Ulcerative colitis (UC)

What is it?

Ulcerative rectocolitis is a chronic inflammatory disease of the intestine that mainly affects young people between 20 and 30 years old. Although the causes of ulcerative rectocolitis have not yet been defined, it is known that several environmental, familial and genetic factors may play a role in its etiopathogenesis. Underlying the disease is an excessive activation of the immune system that leads to damage in the rectum and can progress to affect the entire colon.

Which are the symptoms?

The main symptoms of ulcerative rectocolitis are diarrhea and the presence of blood or mucus in the stool. Sometimes fever, abdominal pain, weight loss and anemia also occur. In the most severe cases, if the disease is not recognized and treated in time, severe complications may occur such as fulminant colitis with abnormal dilatation of the colon, up to intestinal perforation.

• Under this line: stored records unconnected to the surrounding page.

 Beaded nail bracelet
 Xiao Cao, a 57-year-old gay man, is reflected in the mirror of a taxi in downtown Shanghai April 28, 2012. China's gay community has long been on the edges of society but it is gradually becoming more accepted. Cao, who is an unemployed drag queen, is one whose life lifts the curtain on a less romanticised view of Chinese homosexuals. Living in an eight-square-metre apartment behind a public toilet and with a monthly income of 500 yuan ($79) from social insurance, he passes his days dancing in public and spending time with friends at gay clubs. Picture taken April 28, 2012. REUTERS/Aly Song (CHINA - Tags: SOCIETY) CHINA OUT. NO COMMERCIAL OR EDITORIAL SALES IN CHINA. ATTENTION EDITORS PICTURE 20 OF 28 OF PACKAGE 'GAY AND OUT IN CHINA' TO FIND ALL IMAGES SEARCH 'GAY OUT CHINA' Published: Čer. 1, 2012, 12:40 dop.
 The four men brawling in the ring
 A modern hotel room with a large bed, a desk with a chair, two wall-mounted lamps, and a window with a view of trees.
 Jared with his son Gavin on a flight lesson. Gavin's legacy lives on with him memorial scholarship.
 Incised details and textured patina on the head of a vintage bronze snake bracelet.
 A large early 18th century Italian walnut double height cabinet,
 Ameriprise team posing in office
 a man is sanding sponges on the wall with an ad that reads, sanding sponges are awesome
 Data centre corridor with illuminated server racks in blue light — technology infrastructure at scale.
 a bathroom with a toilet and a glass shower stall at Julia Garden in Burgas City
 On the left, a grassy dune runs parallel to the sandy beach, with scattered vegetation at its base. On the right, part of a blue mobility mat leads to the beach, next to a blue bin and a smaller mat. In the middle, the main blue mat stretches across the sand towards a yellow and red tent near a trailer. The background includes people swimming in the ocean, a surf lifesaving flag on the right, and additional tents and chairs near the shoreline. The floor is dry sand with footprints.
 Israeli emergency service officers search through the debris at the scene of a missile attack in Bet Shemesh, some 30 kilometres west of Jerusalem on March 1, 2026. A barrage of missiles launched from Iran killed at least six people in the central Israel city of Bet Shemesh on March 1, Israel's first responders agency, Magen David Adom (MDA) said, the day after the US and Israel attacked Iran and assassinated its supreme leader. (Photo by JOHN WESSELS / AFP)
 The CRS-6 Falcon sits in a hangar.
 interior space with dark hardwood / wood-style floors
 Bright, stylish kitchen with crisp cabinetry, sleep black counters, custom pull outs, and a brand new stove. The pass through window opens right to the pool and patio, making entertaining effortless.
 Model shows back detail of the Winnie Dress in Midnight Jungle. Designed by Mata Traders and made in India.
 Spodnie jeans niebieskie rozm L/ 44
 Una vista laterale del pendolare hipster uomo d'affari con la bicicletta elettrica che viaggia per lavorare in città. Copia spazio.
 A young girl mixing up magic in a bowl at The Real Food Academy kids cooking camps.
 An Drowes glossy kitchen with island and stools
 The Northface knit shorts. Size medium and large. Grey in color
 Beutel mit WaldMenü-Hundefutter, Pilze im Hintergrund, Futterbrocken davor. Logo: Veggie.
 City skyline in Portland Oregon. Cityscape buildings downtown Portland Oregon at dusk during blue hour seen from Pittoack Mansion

In addition to intestinal symptoms, extraintestinal manifestations such as joint pain, ocular or dermatological symptoms may also be present.

  • Diarrhea
  • Blood in the stool
  • Fever
  • Abdominal pain
  • Fecal incontinence

How is it diagnosed?

The diagnosis of ulcerative rectocolitis is made on the basis of many factors that include symptoms compatible with intestinal disease, blood and stool tests indicative of inflammation (elevation of C-reactive protein and fecal calprotectin), radiological examinations such as CT scan to exclude possible complications and colonoscopy that allows to visualize any lesions of the mucosa of the rectum and colon and to take biopsies of mucosal fragments in order to analyze them.

Suggested exams

How is it treated?

The treatment of ulcerative rectocolitis depends on the severity of the disease. In milder forms, in fact, it is sufficient to take mesalazine, an anti-inflammatory drug, orally or rectally. In more severe forms, however, it is necessary to administer specific drugs that reduce the hyperactivity of the immune system (corticosteroids, immunosuppressants, biological drugs or small molecules) orally, subcutaneously or intravenously. Since this is a chronic disease, therapy should be taken long term to maintain the therapeutic effects over time. In the most critical forms, hospitalization may be required and in rare cases even surgery to remove the colon and rectum. Ulcerative rectocolitis is associated with an increased risk of developing colon cancer and therefore periodic endoscopic controls are necessary.